Your goal | Go through the listing below and write out exactly the lines from the one that mentions "A perspective, much" through the one that mentions "Welcome to Tech", minus the pictures.

Task inputs |
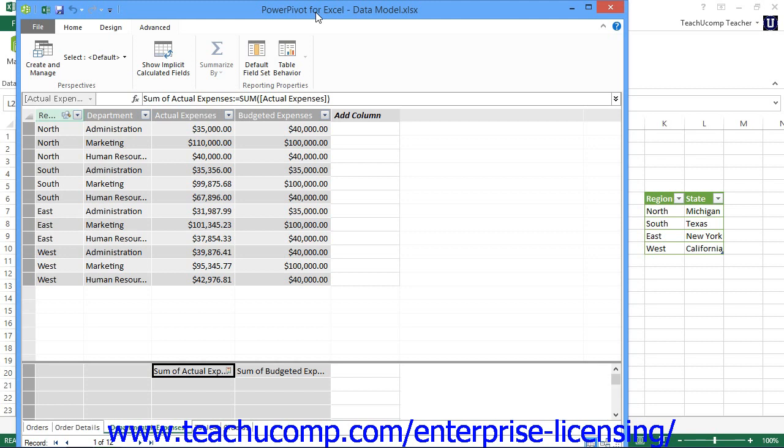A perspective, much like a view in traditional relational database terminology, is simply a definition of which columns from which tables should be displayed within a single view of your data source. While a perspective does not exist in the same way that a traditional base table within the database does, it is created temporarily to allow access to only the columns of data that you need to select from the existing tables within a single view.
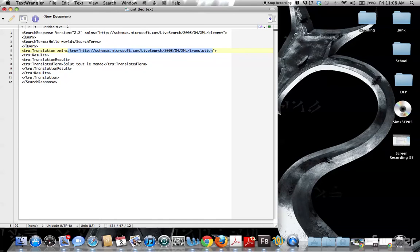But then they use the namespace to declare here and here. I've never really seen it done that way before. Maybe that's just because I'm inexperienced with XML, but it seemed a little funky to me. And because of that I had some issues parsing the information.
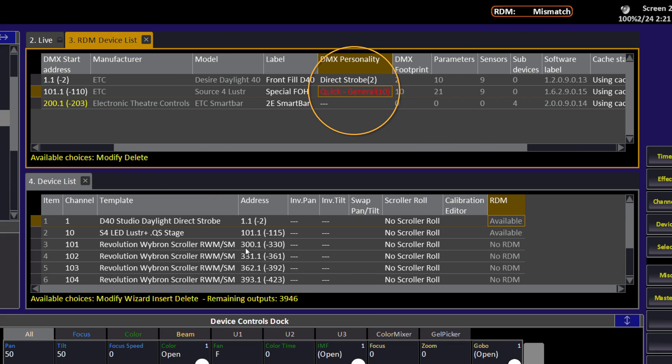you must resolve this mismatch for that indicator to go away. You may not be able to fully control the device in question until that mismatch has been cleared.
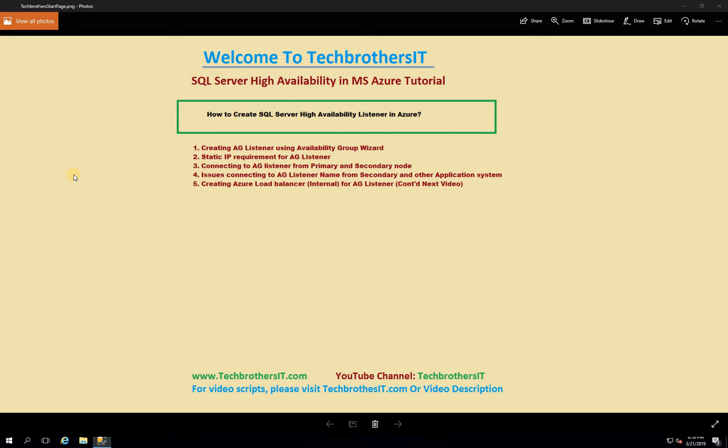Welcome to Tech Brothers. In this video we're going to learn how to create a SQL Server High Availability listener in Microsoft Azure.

==

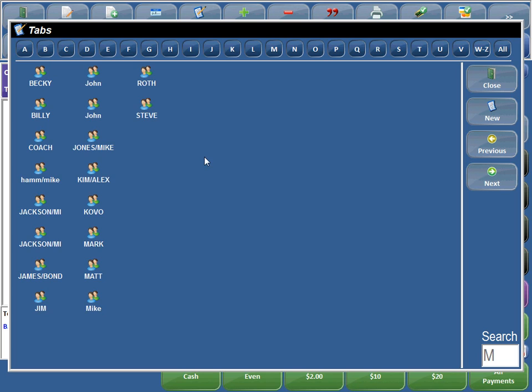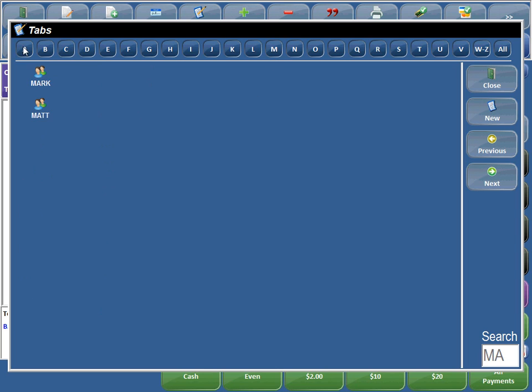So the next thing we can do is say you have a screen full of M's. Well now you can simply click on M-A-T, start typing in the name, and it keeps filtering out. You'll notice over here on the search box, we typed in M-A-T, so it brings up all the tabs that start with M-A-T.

* * *

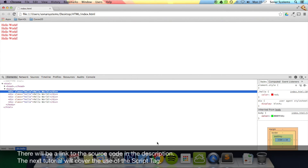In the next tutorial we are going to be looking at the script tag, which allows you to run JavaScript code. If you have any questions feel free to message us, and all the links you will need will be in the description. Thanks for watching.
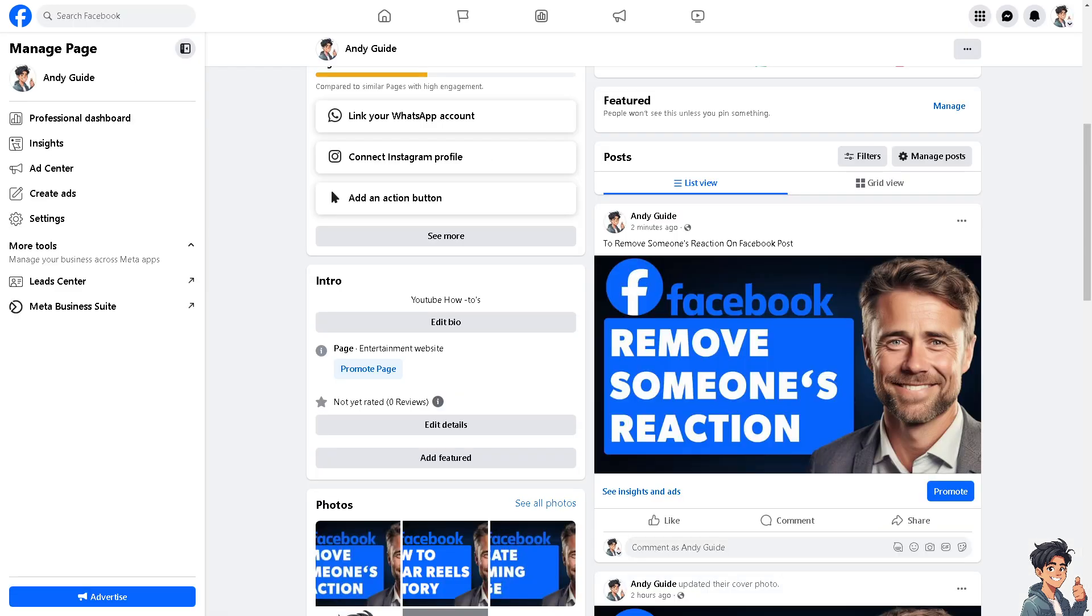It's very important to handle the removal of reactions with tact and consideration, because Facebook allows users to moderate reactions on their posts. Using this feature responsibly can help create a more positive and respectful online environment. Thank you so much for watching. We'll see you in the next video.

Exercise output |
A perspective, much like a view in traditional relational database terminology, is simply a definition of which columns from which tables should be displayed within a single view of your data source. While a perspective does not exist in the same way that a traditional base table within the database does, it is created temporarily to allow access to only the columns of data that you need to select from the existing tables within a single view.
But then they use the namespace to declare here and here. I've never really seen it done that way before. Maybe that's just because I'm inexperienced with XML, but it seemed a little funky to me. And because of that I had some issues parsing the information.
you must resolve this mismatch for that indicator to go away. You may not be able to fully control the device in question until that mismatch has been cleared.
Welcome to Tech Brothers. In this video we're going to learn how to create a SQL Server High Availability listener in Microsoft Azure.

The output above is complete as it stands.